Very likely this is because (as Gunkel points out...repeatedly) much of what would make a "robot" (again AI, etc.) capable of giving us feedback on these issues (their own genuine feedback and not programming that parrots someone else's thoughts) remains in the future, remains speculative, remains a great big "if." Some consider these evolutions inevitable, and they may well be, but that doesn't help us get non-human perspectives in the here and now. And if they're not inevitable? Should we be worrying about giving robots rights?
This book (novella? Very long essay?) provides some great food for thought, asks some great questions, and has some great insights about critical reflection.
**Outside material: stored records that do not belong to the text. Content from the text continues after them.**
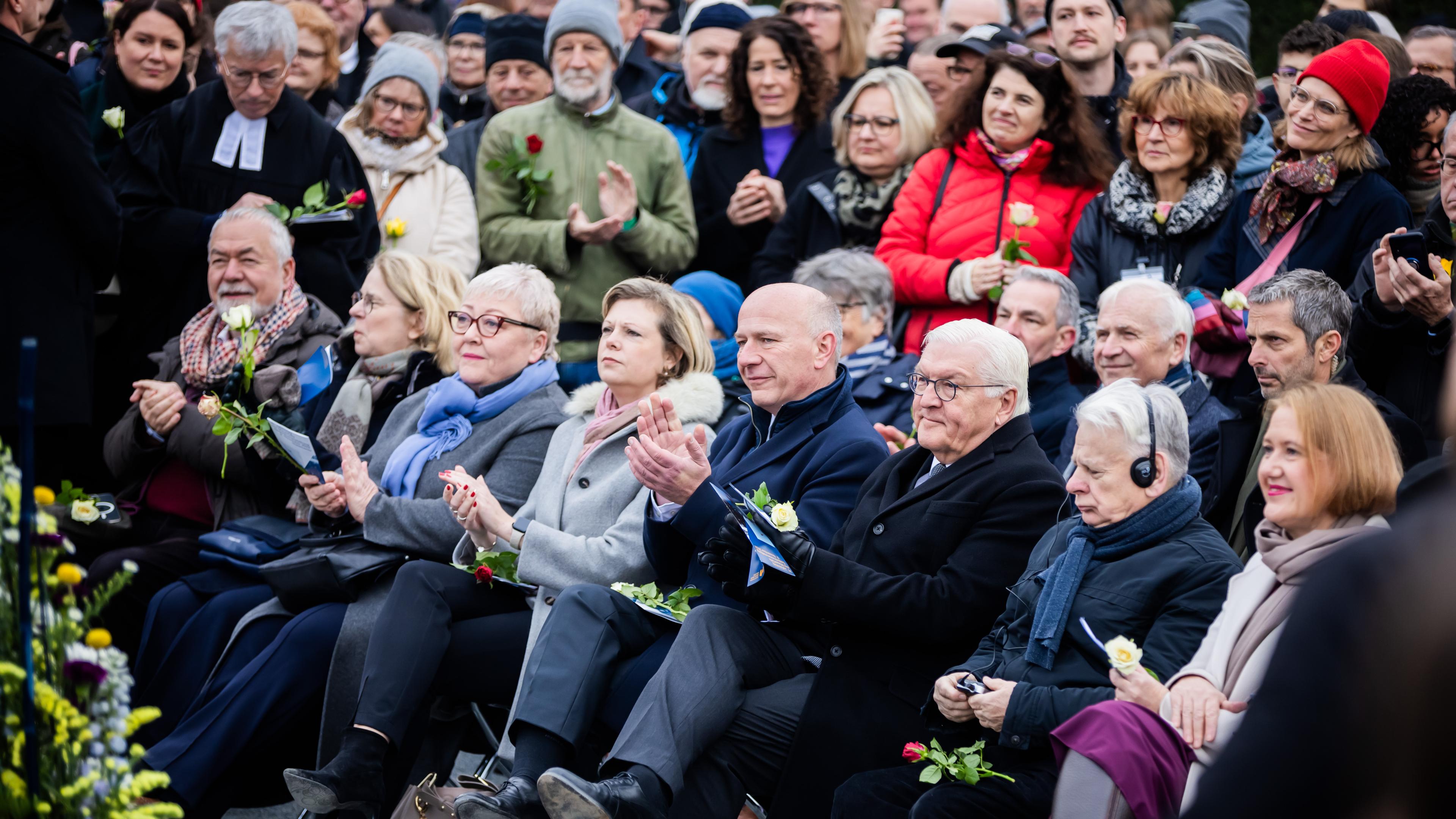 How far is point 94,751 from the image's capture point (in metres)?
2.75

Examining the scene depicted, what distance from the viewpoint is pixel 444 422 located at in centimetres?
550

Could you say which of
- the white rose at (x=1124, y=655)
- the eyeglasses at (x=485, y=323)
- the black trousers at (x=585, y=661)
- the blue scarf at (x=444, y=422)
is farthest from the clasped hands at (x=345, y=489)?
the white rose at (x=1124, y=655)

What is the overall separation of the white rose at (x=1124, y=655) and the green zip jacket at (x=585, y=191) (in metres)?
3.83

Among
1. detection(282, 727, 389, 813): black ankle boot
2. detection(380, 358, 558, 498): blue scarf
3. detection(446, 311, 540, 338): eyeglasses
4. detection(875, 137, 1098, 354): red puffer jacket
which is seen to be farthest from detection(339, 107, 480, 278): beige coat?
detection(282, 727, 389, 813): black ankle boot

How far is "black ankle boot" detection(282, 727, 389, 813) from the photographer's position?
171 inches

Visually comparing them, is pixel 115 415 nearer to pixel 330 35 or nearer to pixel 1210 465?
pixel 330 35

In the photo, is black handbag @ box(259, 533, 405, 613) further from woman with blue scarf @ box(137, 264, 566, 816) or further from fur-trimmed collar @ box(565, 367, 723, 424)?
fur-trimmed collar @ box(565, 367, 723, 424)

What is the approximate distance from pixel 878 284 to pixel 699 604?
202cm

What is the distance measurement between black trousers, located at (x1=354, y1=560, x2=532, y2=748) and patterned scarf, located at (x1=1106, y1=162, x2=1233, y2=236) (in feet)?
9.43

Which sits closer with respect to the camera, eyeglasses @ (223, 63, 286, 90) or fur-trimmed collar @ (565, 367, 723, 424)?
fur-trimmed collar @ (565, 367, 723, 424)

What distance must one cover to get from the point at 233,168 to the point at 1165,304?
13.9 feet

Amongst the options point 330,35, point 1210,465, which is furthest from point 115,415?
point 1210,465

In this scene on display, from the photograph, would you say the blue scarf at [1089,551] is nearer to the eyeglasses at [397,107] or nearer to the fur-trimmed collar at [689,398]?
the fur-trimmed collar at [689,398]

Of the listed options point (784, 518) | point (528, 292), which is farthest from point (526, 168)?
point (784, 518) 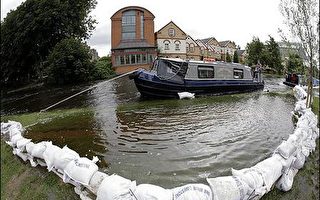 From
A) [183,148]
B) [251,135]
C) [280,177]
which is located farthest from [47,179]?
[251,135]

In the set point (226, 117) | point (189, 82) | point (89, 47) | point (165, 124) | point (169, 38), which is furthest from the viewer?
point (189, 82)

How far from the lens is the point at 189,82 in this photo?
11125 millimetres

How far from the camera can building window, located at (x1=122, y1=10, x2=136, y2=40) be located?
147 inches

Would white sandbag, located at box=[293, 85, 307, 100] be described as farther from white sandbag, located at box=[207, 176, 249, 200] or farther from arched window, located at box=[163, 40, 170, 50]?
arched window, located at box=[163, 40, 170, 50]

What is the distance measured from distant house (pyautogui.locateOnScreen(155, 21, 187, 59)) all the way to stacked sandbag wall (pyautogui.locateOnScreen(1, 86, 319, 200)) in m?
1.57

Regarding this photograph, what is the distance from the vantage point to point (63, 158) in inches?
202

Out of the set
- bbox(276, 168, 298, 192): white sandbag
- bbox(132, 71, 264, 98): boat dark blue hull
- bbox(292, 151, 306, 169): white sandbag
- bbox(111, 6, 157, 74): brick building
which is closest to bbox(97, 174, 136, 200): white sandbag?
bbox(111, 6, 157, 74): brick building

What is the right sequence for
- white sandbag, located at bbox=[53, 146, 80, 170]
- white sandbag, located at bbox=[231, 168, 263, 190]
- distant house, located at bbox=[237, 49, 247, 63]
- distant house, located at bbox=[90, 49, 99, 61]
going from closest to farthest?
1. distant house, located at bbox=[237, 49, 247, 63]
2. white sandbag, located at bbox=[231, 168, 263, 190]
3. distant house, located at bbox=[90, 49, 99, 61]
4. white sandbag, located at bbox=[53, 146, 80, 170]

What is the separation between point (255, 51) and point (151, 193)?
220 centimetres

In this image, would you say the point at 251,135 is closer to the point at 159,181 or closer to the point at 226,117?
the point at 226,117

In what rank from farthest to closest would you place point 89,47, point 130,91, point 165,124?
point 130,91, point 165,124, point 89,47

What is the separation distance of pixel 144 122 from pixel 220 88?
3646mm

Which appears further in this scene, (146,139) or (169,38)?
(146,139)

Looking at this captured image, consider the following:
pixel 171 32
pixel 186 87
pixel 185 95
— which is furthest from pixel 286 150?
pixel 185 95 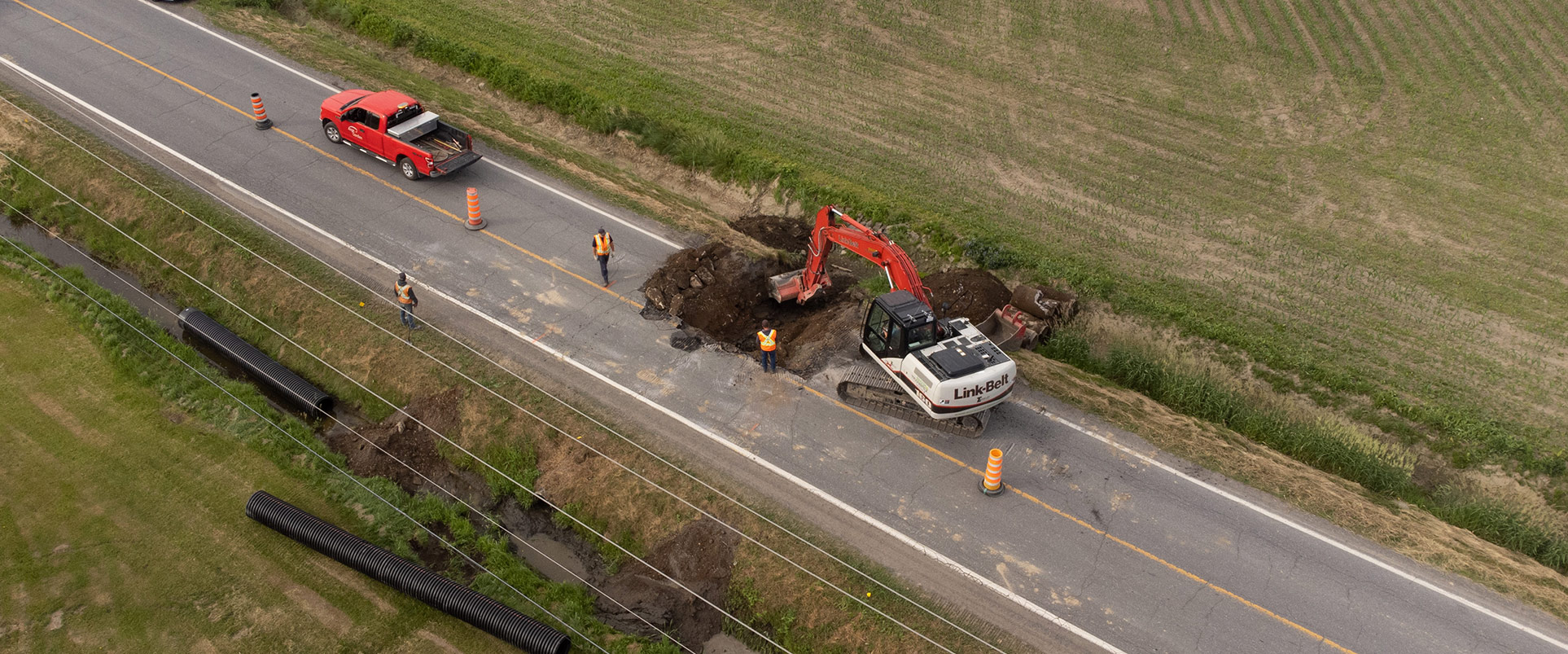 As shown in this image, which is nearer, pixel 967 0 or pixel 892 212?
pixel 892 212

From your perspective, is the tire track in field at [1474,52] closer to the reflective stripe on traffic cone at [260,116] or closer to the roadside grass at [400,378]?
the roadside grass at [400,378]

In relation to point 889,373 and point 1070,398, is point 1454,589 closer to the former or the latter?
point 1070,398

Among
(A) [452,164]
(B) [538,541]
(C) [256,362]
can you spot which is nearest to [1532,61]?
(A) [452,164]

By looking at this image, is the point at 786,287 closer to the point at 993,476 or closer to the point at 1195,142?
the point at 993,476

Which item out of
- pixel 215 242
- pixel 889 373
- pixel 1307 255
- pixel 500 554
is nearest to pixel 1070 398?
pixel 889 373

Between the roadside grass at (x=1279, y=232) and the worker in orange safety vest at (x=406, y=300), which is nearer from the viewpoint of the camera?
the roadside grass at (x=1279, y=232)

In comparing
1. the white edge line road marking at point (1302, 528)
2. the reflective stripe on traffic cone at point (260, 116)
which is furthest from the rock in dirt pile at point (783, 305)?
the reflective stripe on traffic cone at point (260, 116)

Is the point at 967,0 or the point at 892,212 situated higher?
the point at 967,0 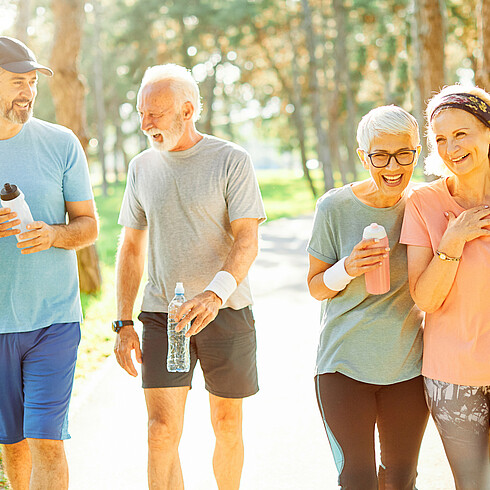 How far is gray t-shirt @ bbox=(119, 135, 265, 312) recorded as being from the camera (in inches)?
155

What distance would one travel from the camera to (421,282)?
308cm

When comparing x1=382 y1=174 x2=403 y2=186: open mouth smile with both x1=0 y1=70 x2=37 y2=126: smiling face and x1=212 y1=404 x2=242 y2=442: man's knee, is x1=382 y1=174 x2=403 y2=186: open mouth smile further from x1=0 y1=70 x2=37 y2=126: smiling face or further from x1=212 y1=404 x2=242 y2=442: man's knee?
x1=0 y1=70 x2=37 y2=126: smiling face

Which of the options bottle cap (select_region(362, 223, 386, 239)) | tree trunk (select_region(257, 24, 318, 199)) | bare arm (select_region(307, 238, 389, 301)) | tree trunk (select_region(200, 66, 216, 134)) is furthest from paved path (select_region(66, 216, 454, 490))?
tree trunk (select_region(200, 66, 216, 134))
But it does tend to repeat itself a bit and I think it could have been substantially shorter and still gotten all the main points across.
Edit: The more I reflected on this book, the more frustrated I became with it. Gunkle makes a lot of circular arguments without making any substantial conclusions (even his own offering of a "third" option is not distinctive from the earlier ones he wrote off as different versions of slave rights...it's just better because it's his I guess...). What this book did do for me is make me get back into reading Asimov, whose scifi ideas about robots far outstrip Gunkel's factual avoidance of talking about robots while talking about robots (and Gunkel cites so much fiction that I questioned whether his fictional examples outnumbered the factual ones anyway...).